SAVCI TEHDİT EDİLMESE BU OLAY HİÇ BİLİNMEYECEKTİ
Bu olay, Sayın Savcımız tehdit edilmese ortaya bile çıkmayacaktı. Ama şu an ortaya çıktı. İyi ki de ortaya çıktı. Biz bunun hesabının sorulmasını istiyoruz. Buralara ödenen milyarlarca TL'nin kamu zararı olduğunu düşünüyoruz. Biliyorsunuz, bu olayların çoğu deprem sürecinden sonra oldu. Biz Kahramanmaraş'ta hastane bulamazken, hastane inşaatı yokken sadece iki tane acil durum hastanesi yapılabiliyorken, gerçek bir ana hastane yapılamıyorken bu kişilere milyarlarca TL'nin aktarılması herhalde bu ülkenin garip durumlarından biridir. Biz bu paraların tekrar tahsis edilmesini istiyoruz” ifadelerini kullandı.
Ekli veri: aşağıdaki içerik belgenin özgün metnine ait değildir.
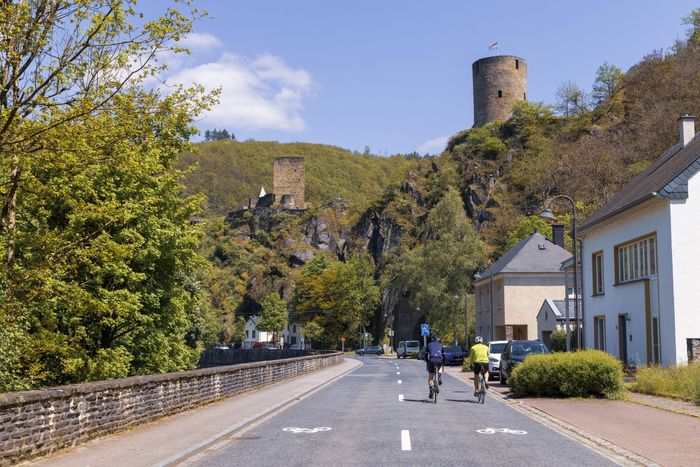 Two cyclists ride side by side on a road in Esch-sur-Sûre. A part of Esch-sur-Sûre Castle is visible in the background.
HEKİMİN TEDAVİSİNE KİMSE KARIŞAMAZ
Sağlık Bakanlığı'nın aile hekimliklerine karşın çıkardığı yönetmelikleri uygunsuz bulduğunu söyleyen Başkan Tiyekli, sözlerine şöyle devam etti: “Türkiye'de bütün Aile Sağlığı Merkezleri şu an kapalı. Aile hekimleri çok ciddi anlamda greve katılım sağlıyorlar. Kahramanmaraş için de bu geçerli. Kahramanmaraş'ta yüzde 80’in üzerinde eyleme katılım var. Bu çok ciddi bir oran. Uzun zamandır ilk defa bu kadar tepki gösteriliyor. Biz hekimlerin uyması gereken kurallar vardır. Hekimlik uygulamalarında kamunun veya diğer kişilerin de uyması gereken kurallar vardır. Her hekim veya her sağlık idarecisi Tıbbi Deontoloji Tüzüğü’ne uymak zorundadır. Bu bizim anayasamız gibidir ama Sağlık Bakanlığı öyle bir mevzuat çıkarmaya çalışıyor ki, aslında çıkardı, bir yönetmelik çıkardı, evlere şenlik. Bizim temel prensibimiz şudur; hekimin tedavisine kimse karışamaz. Tıbbi Deontoloji Tüzüğü der ki; her hekim tedavisini seçmekte özgürdür. Hekimin tedavisi yanlışsa siz bunun hesabını sorabilirsiniz ama hekimin tedavisine karışamazsınız. Şu an Sağlık Bakanlığı yaptığı uygulama ile; “Siz vatandaşa ağrı kesici yazmayacaksınız, siz vatandaşa mide ilacı yazmayacaksınız, siz vatandaşa antibiyotik yazmayacaksınız” diyor. Belki buna yarın başka ilaçlar da eklenecek. Bu da halkın cebinden para çıkması anlamına gelir. Yani Sağlık Bakanlığı diyor ki başı ağrıyan gitsin, doktora gitmesine gerek yok, eczaneden kendi parasıyla ilacını alsın. Hekimin tedavisini seçme hakkının engellenmesi kabul edilemez. Vatandaşa sağlık yükünün bu kadar yüklenmesi de kabul edilemez. Yenidoğan çetesine para ayrılırken, aile hekimlerine yapılanlar veya vatandaşın cebinden bu paraların çıkarılmasını biz kabul edemiyoruz.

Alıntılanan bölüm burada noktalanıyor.